Albigoni nodded, eyes closed and almost lost in his broad face. “From what little research I’ve managed to do in the last thirty-six hours, I’ve learned that therapy is more often than not a stimulus of discarded or suppressed routines and subroutines to achieve a closer balance.”
Martin nodded. “Or the suppression of an unwanted or defective subpersonality. That can sometimes be done through exterior therapy – talking it out – or through interior stimulus, such as direct simulation of fantasized growth experiences. Or it can be done through physical remodeling of the brain, chemical expression and repression, or more radically, microsurgery to close of the loci of undesired dominant routines.”
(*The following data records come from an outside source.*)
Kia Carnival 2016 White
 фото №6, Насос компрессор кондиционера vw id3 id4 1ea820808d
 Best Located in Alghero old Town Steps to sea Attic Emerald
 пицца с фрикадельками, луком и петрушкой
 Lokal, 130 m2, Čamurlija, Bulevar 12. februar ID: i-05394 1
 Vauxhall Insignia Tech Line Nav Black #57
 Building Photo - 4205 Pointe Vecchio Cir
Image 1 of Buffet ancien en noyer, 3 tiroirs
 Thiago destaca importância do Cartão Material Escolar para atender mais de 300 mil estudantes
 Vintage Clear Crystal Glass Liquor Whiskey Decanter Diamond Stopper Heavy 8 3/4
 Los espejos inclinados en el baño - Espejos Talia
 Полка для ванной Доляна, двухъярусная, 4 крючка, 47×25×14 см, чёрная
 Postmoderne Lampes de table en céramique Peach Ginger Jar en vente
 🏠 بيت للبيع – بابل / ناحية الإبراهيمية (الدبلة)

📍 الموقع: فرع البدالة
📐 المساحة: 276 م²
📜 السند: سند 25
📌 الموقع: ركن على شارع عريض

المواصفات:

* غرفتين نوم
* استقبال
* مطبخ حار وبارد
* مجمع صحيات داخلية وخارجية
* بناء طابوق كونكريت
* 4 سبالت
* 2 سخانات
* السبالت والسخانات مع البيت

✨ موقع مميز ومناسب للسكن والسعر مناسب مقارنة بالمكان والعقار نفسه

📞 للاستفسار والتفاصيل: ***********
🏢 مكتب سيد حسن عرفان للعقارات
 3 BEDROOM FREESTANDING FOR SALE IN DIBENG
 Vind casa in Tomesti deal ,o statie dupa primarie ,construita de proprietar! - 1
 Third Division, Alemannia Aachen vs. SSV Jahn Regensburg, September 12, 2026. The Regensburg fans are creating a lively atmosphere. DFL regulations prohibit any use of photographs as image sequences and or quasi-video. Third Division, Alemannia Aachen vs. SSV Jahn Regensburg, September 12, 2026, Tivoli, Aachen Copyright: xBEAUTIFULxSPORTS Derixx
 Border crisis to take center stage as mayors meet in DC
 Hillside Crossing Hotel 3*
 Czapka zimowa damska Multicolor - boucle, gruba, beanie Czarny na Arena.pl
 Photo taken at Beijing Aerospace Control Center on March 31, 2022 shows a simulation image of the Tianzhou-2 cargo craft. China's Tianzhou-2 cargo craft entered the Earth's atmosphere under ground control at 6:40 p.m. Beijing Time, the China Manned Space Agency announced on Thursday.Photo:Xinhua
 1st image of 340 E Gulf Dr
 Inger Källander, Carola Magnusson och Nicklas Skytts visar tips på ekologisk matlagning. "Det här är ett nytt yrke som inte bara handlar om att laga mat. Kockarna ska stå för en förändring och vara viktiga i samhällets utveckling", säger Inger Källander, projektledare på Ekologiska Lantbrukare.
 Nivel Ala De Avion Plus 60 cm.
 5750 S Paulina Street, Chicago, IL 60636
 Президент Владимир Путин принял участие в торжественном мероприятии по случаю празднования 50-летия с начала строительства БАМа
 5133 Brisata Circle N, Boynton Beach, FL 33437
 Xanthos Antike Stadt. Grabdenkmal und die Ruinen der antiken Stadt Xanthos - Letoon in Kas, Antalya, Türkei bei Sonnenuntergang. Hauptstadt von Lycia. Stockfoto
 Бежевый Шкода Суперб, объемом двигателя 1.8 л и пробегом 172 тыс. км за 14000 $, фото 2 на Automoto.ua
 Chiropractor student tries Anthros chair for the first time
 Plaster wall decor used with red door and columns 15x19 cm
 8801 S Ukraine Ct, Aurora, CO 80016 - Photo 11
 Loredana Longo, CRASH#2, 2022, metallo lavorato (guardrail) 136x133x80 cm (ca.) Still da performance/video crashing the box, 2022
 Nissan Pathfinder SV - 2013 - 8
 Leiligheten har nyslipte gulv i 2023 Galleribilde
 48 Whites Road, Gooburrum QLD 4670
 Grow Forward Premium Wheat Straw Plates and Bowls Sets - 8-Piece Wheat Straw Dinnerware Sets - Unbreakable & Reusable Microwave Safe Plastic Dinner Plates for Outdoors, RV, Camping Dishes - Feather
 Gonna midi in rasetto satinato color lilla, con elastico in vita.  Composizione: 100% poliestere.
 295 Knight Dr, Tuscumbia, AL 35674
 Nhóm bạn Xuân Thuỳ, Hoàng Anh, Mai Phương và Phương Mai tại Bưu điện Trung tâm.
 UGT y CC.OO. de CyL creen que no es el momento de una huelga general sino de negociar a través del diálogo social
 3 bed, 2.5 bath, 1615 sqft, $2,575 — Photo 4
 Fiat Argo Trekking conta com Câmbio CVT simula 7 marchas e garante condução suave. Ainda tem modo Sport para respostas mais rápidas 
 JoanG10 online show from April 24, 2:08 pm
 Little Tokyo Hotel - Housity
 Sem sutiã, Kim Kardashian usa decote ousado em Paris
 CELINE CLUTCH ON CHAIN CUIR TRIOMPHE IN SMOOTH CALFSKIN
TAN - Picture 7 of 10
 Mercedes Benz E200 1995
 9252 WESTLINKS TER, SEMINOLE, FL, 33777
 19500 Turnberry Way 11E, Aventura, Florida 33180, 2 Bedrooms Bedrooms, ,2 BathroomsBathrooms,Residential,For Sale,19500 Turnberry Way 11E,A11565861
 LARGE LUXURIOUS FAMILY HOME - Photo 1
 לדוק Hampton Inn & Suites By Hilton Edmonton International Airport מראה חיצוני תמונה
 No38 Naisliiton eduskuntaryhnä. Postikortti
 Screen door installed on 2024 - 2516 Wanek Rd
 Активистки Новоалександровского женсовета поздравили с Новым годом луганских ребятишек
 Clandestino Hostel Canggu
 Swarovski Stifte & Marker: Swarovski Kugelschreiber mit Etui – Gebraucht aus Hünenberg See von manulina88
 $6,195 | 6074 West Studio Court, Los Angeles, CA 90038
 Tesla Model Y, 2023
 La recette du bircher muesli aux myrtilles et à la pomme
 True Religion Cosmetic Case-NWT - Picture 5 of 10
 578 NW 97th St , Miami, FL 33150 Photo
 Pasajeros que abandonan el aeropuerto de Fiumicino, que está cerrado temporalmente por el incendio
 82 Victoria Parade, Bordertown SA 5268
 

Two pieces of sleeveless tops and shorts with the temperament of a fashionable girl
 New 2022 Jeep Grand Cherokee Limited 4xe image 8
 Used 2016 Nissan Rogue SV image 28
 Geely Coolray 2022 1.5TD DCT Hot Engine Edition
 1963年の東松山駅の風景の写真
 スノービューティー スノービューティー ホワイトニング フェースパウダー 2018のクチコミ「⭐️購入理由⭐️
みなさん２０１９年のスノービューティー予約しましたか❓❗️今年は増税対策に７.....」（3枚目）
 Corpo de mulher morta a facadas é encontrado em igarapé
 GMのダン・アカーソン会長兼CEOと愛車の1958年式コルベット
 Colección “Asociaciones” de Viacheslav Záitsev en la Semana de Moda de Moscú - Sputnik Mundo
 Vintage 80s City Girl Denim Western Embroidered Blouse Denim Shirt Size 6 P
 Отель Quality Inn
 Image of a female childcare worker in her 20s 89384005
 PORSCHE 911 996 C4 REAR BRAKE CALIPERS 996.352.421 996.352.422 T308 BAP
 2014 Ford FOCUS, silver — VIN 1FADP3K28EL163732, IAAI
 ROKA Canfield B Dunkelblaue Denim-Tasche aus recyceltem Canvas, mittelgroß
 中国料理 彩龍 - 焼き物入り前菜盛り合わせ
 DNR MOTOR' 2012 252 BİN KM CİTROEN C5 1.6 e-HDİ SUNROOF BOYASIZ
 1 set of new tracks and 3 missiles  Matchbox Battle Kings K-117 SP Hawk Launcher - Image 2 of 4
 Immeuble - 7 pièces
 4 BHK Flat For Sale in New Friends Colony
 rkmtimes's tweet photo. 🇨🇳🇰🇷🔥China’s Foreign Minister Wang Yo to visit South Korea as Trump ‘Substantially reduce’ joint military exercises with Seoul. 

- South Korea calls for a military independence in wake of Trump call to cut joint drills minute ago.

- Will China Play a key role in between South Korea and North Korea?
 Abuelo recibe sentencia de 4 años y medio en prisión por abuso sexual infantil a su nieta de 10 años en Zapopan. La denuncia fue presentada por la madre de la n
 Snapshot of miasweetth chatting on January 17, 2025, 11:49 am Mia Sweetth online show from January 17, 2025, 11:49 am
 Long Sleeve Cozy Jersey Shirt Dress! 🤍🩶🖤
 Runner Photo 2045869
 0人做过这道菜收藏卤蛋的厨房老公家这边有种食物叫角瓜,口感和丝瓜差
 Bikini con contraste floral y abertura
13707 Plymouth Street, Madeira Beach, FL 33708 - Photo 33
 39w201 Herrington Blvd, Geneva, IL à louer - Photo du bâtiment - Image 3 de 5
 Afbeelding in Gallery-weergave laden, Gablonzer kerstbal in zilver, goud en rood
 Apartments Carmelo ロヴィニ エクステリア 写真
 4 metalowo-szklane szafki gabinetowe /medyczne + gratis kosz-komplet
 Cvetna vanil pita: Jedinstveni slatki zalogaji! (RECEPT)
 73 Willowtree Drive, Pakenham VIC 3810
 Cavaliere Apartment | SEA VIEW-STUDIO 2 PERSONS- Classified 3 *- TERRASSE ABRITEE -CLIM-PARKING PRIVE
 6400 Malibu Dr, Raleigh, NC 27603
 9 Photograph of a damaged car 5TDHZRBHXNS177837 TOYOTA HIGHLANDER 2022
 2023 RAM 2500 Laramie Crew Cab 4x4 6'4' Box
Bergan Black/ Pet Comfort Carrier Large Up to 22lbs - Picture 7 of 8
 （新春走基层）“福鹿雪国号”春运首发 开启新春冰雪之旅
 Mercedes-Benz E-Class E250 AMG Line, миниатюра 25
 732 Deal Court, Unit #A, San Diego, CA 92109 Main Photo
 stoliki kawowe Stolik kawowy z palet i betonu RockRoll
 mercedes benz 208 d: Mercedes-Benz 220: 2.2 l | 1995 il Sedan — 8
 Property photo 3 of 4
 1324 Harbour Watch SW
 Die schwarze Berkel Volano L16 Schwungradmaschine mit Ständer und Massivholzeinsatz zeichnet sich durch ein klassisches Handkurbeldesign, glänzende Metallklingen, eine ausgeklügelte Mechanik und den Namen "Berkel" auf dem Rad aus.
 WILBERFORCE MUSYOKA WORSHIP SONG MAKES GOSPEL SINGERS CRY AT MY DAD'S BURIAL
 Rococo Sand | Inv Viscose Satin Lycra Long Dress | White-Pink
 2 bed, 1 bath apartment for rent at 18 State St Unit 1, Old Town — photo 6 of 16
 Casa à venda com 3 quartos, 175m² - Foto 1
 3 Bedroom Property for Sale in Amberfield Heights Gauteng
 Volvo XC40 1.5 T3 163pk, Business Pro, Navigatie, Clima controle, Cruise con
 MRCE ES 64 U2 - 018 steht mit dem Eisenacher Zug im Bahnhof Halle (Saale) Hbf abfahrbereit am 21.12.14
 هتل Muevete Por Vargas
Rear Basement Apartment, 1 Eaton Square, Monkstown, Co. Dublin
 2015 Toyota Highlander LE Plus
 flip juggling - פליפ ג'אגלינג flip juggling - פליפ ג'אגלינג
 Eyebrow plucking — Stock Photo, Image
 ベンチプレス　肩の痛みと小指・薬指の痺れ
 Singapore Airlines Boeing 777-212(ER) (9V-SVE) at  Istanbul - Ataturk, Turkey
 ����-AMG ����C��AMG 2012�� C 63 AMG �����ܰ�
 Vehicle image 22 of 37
Also, from Slant (where Martin Burke is again a character):
“Intelligence and creativity often accompany more fragile constitutions,” Martin says. “There’s every evidence some people are more sensitive and alert, more attuned to reality, and this puts a greater load on their systems. Still, these people make themselves very useful in our society. We couldn’t get along without them – ”
“Genius is next to madness, is that what you’re saying Doctor?”
“Genius is a particular state of mind … a type of mind, only distantly comparable to the types I’m talking about.”